DATA RECORDS
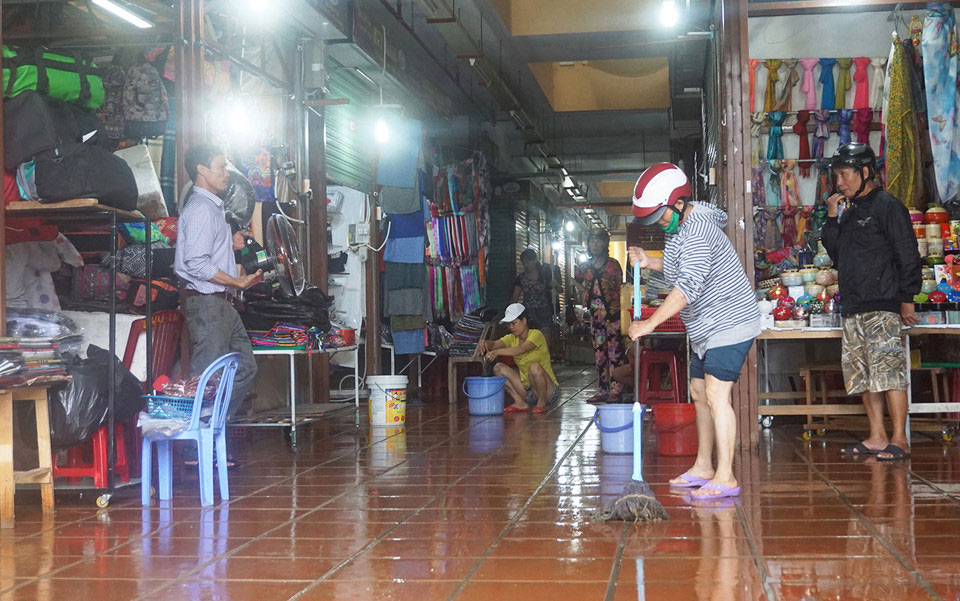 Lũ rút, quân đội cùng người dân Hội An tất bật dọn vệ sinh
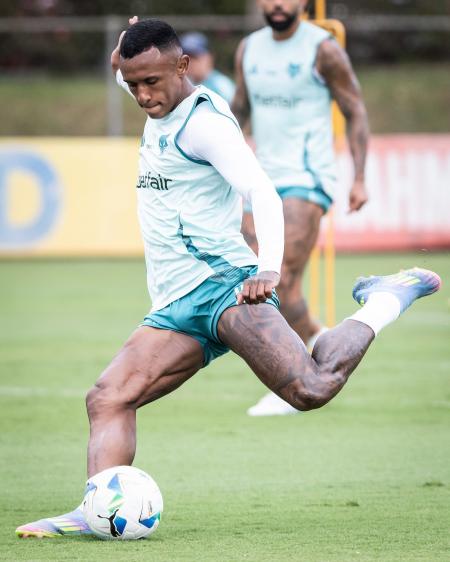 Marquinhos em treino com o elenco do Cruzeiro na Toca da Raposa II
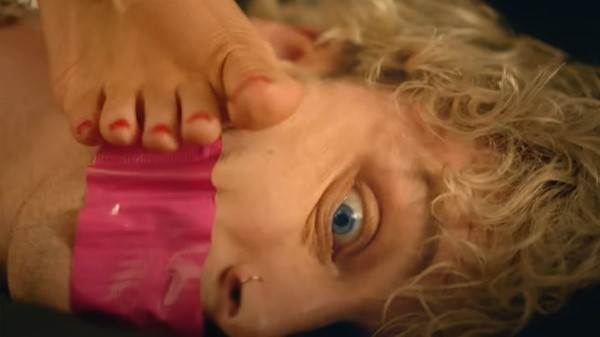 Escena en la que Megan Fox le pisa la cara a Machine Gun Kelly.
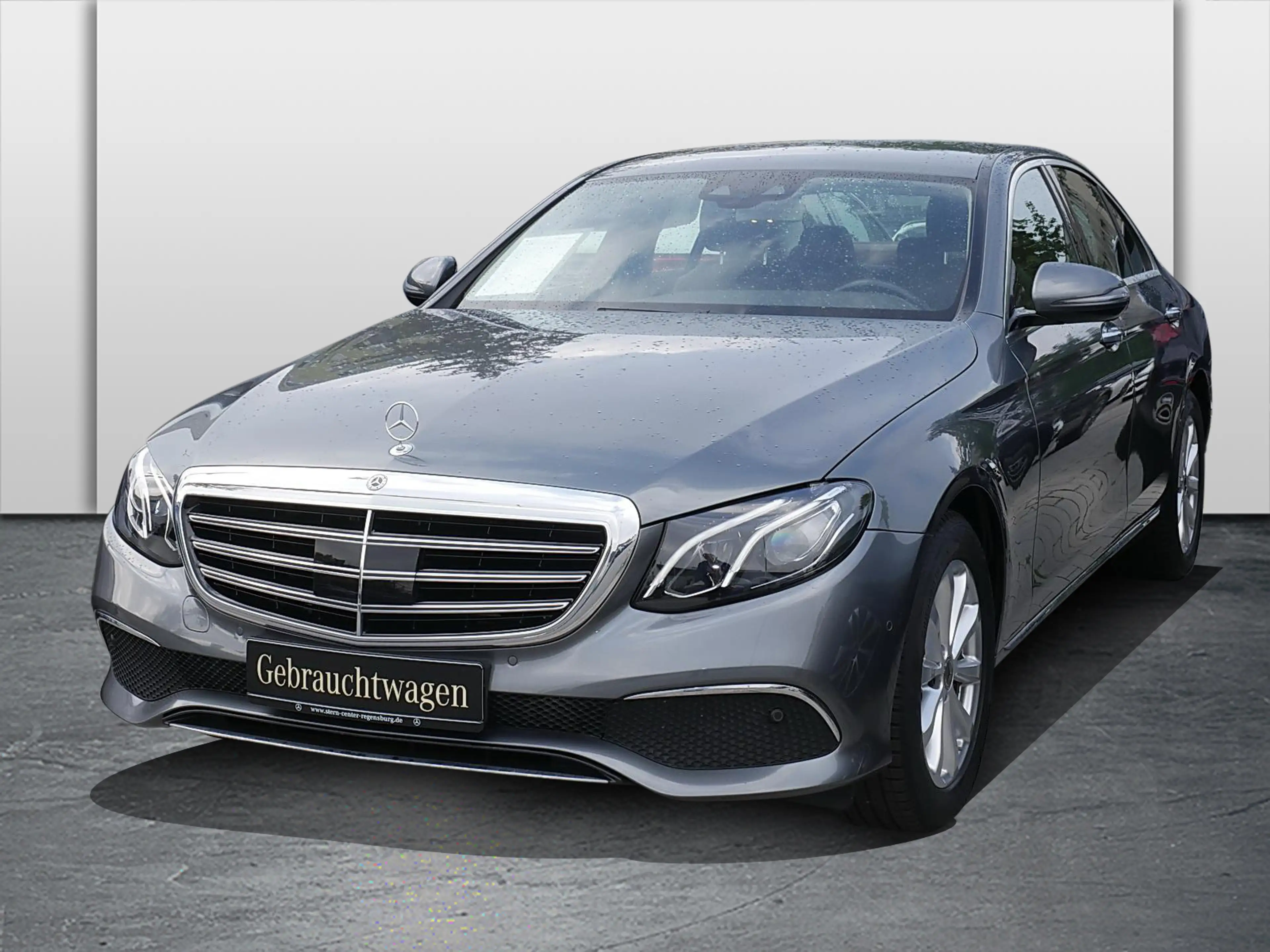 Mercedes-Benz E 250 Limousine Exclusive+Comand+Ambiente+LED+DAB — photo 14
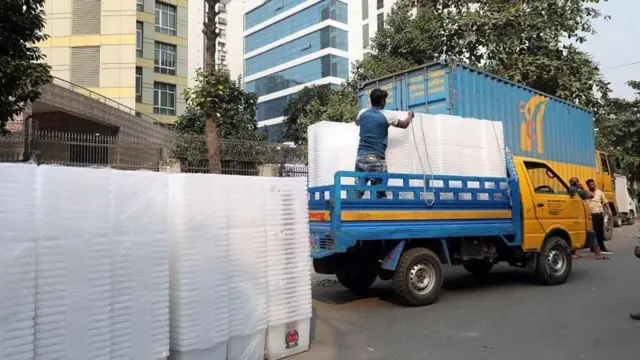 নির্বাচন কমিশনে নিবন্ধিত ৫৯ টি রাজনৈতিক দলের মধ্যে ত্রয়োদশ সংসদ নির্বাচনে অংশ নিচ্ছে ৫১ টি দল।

ACTIVITY
Please print the listing above again word for word, without its pictures.

WRITTEN ANSWER
 Lũ rút, quân đội cùng người dân Hội An tất bật dọn vệ sinh
 Marquinhos em treino com o elenco do Cruzeiro na Toca da Raposa II
 Escena en la que Megan Fox le pisa la cara a Machine Gun Kelly.
 Mercedes-Benz E 250 Limousine Exclusive+Comand+Ambiente+LED+DAB — photo 14
 নির্বাচন কমিশনে নিবন্ধিত ৫৯ টি রাজনৈতিক দলের মধ্যে ত্রয়োদশ সংসদ নির্বাচনে অংশ নিচ্ছে ৫১ টি দল।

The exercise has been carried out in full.